Scraped caption text data
***
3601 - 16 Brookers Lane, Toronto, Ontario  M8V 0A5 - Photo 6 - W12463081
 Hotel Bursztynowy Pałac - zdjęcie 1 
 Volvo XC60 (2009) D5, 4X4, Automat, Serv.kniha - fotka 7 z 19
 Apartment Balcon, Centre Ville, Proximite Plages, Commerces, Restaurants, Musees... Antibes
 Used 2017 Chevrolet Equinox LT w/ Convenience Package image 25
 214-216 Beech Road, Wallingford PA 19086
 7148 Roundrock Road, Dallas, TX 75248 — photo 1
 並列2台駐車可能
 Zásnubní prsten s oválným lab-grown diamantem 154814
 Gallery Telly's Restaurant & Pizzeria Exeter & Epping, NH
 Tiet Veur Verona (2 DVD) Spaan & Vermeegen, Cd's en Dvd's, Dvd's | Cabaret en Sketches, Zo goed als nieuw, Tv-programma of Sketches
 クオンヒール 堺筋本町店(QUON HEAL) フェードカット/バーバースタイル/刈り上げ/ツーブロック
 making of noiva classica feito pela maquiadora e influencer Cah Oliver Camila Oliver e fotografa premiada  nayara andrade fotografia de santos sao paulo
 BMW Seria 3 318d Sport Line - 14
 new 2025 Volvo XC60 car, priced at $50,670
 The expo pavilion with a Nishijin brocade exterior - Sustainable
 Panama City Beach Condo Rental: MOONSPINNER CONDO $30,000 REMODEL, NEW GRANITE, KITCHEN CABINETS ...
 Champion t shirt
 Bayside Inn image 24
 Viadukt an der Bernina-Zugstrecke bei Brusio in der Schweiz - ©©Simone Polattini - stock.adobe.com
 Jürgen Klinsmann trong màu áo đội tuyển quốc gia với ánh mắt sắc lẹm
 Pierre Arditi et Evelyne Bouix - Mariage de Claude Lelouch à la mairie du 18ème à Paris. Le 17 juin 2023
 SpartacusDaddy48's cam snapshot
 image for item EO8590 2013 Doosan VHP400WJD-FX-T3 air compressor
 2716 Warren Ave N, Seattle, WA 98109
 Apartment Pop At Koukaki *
***
> [What you have to do]
The data should be transcribed exactly, line for line.

> [Output of the exercise]
3601 - 16 Brookers Lane, Toronto, Ontario  M8V 0A5 - Photo 6 - W12463081
 Hotel Bursztynowy Pałac - zdjęcie 1 
 Volvo XC60 (2009) D5, 4X4, Automat, Serv.kniha - fotka 7 z 19
 Apartment Balcon, Centre Ville, Proximite Plages, Commerces, Restaurants, Musees... Antibes
 Used 2017 Chevrolet Equinox LT w/ Convenience Package image 25
 214-216 Beech Road, Wallingford PA 19086
 7148 Roundrock Road, Dallas, TX 75248 — photo 1
 並列2台駐車可能
 Zásnubní prsten s oválným lab-grown diamantem 154814
 Gallery Telly's Restaurant & Pizzeria Exeter & Epping, NH
 Tiet Veur Verona (2 DVD) Spaan & Vermeegen, Cd's en Dvd's, Dvd's | Cabaret en Sketches, Zo goed als nieuw, Tv-programma of Sketches
 クオンヒール 堺筋本町店(QUON HEAL) フェードカット/バーバースタイル/刈り上げ/ツーブロック
 making of noiva classica feito pela maquiadora e influencer Cah Oliver Camila Oliver e fotografa premiada  nayara andrade fotografia de santos sao paulo
 BMW Seria 3 318d Sport Line - 14
 new 2025 Volvo XC60 car, priced at $50,670
 The expo pavilion with a Nishijin brocade exterior - Sustainable
 Panama City Beach Condo Rental: MOONSPINNER CONDO $30,000 REMODEL, NEW GRANITE, KITCHEN CABINETS ...
 Champion t shirt
 Bayside Inn image 24
 Viadukt an der Bernina-Zugstrecke bei Brusio in der Schweiz - ©©Simone Polattini - stock.adobe.com
 Jürgen Klinsmann trong màu áo đội tuyển quốc gia với ánh mắt sắc lẹm
 Pierre Arditi et Evelyne Bouix - Mariage de Claude Lelouch à la mairie du 18ème à Paris. Le 17 juin 2023
 SpartacusDaddy48's cam snapshot
 image for item EO8590 2013 Doosan VHP400WJD-FX-T3 air compressor
 2716 Warren Ave N, Seattle, WA 98109
 Apartment Pop At Koukaki *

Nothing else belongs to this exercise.